(Items from a dataset)
· · · · · · ·

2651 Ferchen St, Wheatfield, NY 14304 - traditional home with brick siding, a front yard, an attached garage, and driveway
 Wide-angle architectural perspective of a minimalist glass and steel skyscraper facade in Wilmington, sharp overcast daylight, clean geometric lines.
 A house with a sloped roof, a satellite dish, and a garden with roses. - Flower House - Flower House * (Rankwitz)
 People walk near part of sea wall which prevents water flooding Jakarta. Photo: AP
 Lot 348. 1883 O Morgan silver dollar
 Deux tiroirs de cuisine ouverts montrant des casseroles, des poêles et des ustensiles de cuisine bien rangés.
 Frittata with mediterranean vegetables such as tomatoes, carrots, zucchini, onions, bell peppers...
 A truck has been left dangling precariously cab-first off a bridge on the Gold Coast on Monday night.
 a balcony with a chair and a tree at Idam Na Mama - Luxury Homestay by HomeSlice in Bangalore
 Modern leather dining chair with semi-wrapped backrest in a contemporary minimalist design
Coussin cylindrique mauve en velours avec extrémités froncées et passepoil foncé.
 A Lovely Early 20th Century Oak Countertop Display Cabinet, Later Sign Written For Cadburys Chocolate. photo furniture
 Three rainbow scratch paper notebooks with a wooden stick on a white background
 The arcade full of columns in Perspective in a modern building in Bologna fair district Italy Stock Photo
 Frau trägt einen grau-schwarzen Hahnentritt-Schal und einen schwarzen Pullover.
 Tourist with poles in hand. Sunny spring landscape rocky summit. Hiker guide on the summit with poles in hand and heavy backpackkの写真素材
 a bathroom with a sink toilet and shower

· · · · · · ·

Write out the data exactly as it stands.

2651 Ferchen St, Wheatfield, NY 14304 - traditional home with brick siding, a front yard, an attached garage, and driveway
 Wide-angle architectural perspective of a minimalist glass and steel skyscraper facade in Wilmington, sharp overcast daylight, clean geometric lines.
 A house with a sloped roof, a satellite dish, and a garden with roses. - Flower House - Flower House * (Rankwitz)
 People walk near part of sea wall which prevents water flooding Jakarta. Photo: AP
 Lot 348. 1883 O Morgan silver dollar
 Deux tiroirs de cuisine ouverts montrant des casseroles, des poêles et des ustensiles de cuisine bien rangés.
 Frittata with mediterranean vegetables such as tomatoes, carrots, zucchini, onions, bell peppers...
 A truck has been left dangling precariously cab-first off a bridge on the Gold Coast on Monday night.
 a balcony with a chair and a tree at Idam Na Mama - Luxury Homestay by HomeSlice in Bangalore
 Modern leather dining chair with semi-wrapped backrest in a contemporary minimalist design
Coussin cylindrique mauve en velours avec extrémités froncées et passepoil foncé.
 A Lovely Early 20th Century Oak Countertop Display Cabinet, Later Sign Written For Cadburys Chocolate. photo furniture
 Three rainbow scratch paper notebooks with a wooden stick on a white background
 The arcade full of columns in Perspective in a modern building in Bologna fair district Italy Stock Photo
 Frau trägt einen grau-schwarzen Hahnentritt-Schal und einen schwarzen Pullover.
 Tourist with poles in hand. Sunny spring landscape rocky summit. Hiker guide on the summit with poles in hand and heavy backpackkの写真素材
 a bathroom with a sink toilet and shower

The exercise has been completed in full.